Editorial by MATT KELLY
In the middle of December, the Environmental Protection Agency announced that it is now considering an application from Syngenta to expand the registered use for thiamethoxam, a neonicotinoid insecticide. Given Scott Pruitt’s decision in March to reject a ban on chlorpyrifos – a pesticide that the E.P.A.’s own scientists have determined is a significant health risk to humans – it seems likely that the agency under Pruitt’s direction would have no problem approving the expanded use of a pesticide known to be detrimental to bees.

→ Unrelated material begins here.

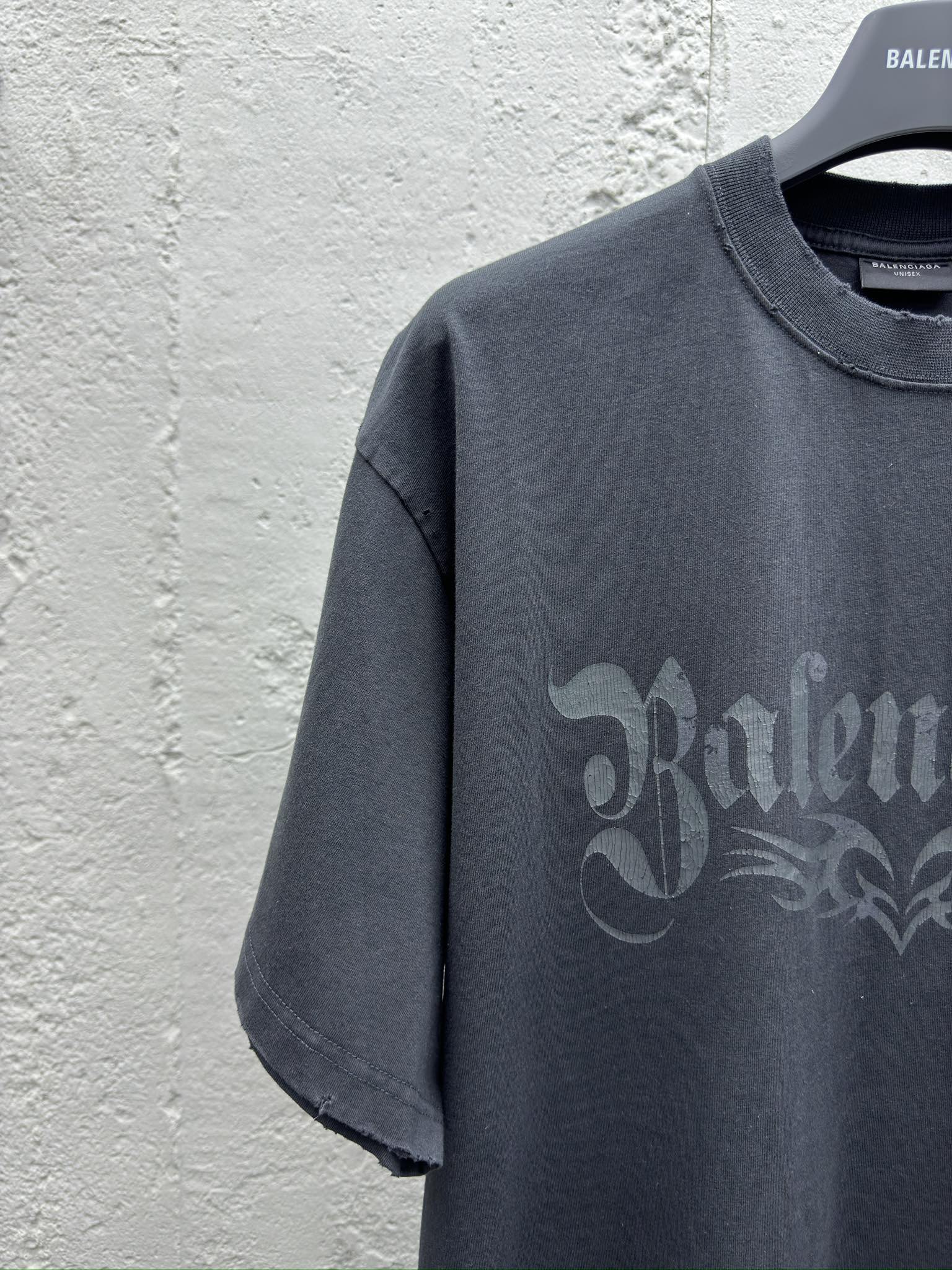 Balenciaga T-shirt 4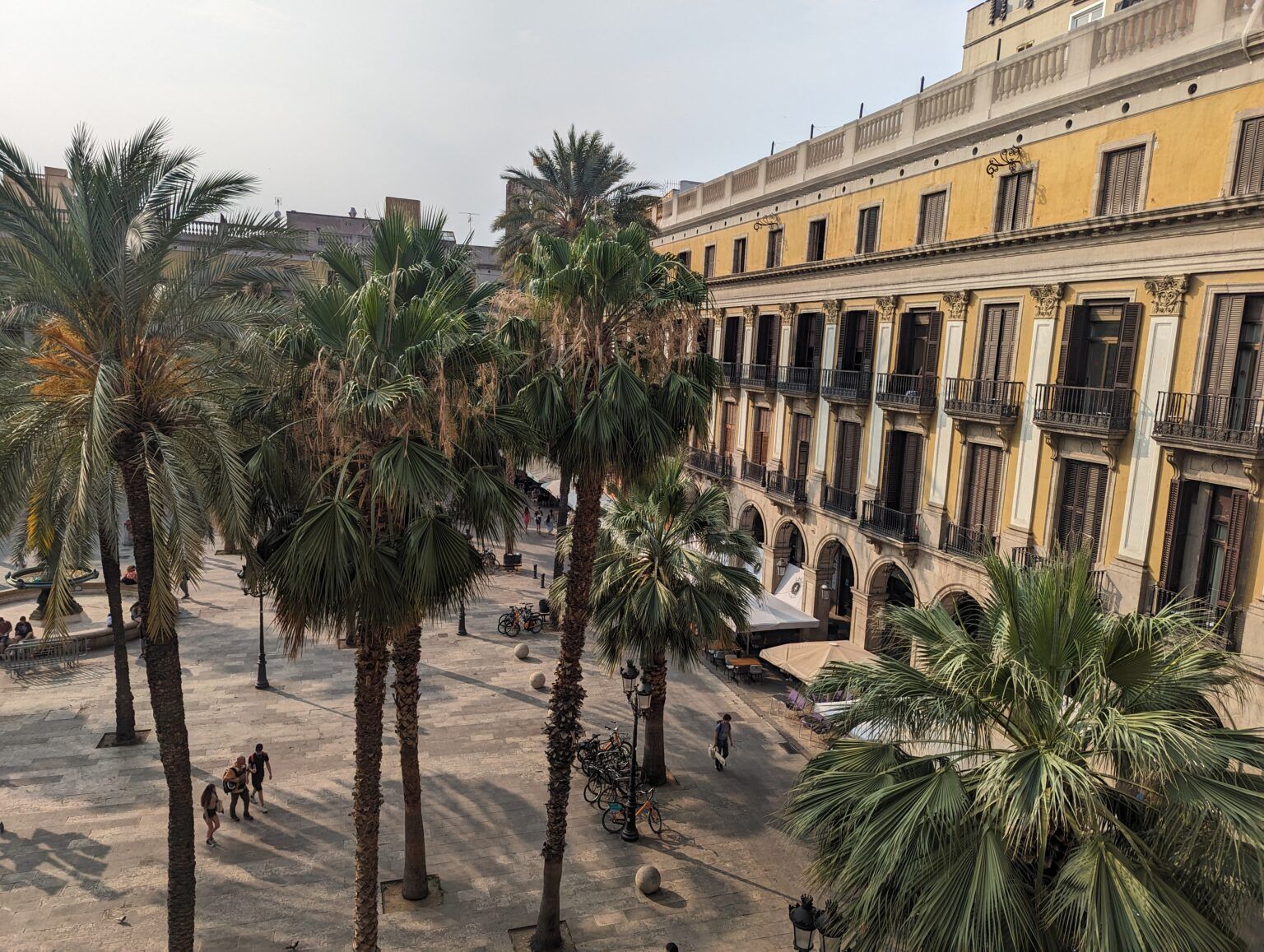 5 datos interesantes sobre la Plaza Real de Barcelona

Those of us who are concerned about the continued use of neonicotinoids need to speak up. The public comment period is now open on Syngenta’s application, and comments must be received by January 16, 2018.
According to a summary of the application in the Federal Register, Syngenta is seeking to make thiamethoxam available as a foliar spray for wheat, barley, corn, sorghum, alfalfa, rice and potato crops. This would allow the insecticide to be sprayed on approximately 165 million acres of farmland, according to information included with a press release from the Center for Biological Diversity in response to the announcement.
Neonicotinoids are the most widely used class of insecticides around the globe. While not intended to target bees, these insecticides still have a significant and detrimental impact on both native bees and honey bees through incidental or accidental exposure. Even at sublethal exposure, neonicotinoids can damage a bee’s ability to communicate, smell, navigate, reproduce and simply move its body. The detrimental impact of thiamethoxam and its neonic brethren on bees – both managed and wild – is extensive and well documented in both lab and field settings.
Now, more than ever, public engagement and civic action are needed in our democracy on a wide range of issues. Ensuring the health of diverse bee communities and the long-term sustainability of the ecosystems that sustain us rank at the top of that list. Your voice is important, make it heard. Comments on this proposal can be made at regulations.gov, docket EPA-HQ-OPP-2017-0234.